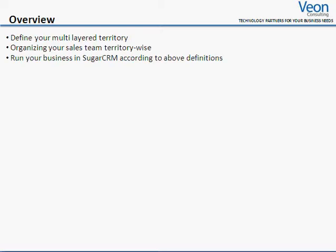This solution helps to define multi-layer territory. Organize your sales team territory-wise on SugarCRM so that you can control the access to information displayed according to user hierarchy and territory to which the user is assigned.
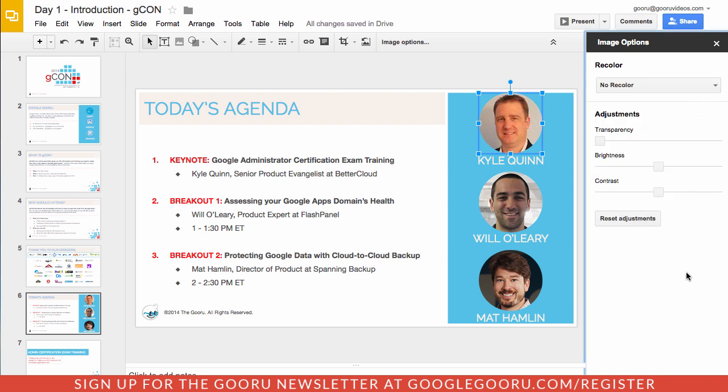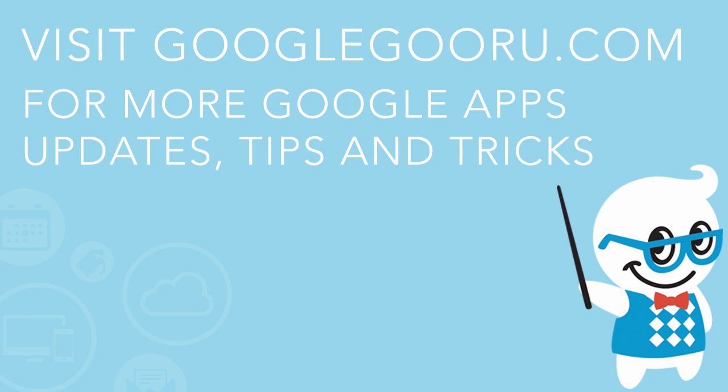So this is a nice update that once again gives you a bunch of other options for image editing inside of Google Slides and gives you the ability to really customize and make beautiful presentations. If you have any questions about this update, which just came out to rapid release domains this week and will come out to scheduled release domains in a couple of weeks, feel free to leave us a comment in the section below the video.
:::::
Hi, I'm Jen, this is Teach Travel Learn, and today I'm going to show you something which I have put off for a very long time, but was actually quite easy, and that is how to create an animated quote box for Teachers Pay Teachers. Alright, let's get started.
:::::
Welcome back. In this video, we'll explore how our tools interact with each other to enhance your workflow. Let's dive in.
:::::
§ **Aim of the task**
Both the line containing "This solution helps" and the line containing "So this is a" above belong in the output, as do the lines between them. Print them exactly, without pictures.

§ **Solution**
This solution helps to define multi-layer territory. Organize your sales team territory-wise on SugarCRM so that you can control the access to information displayed according to user hierarchy and territory to which the user is assigned.
So this is a nice update that once again gives you a bunch of other options for image editing inside of Google Slides and gives you the ability to really customize and make beautiful presentations. If you have any questions about this update, which just came out to rapid release domains this week and will come out to scheduled release domains in a couple of weeks, feel free to leave us a comment in the section below the video.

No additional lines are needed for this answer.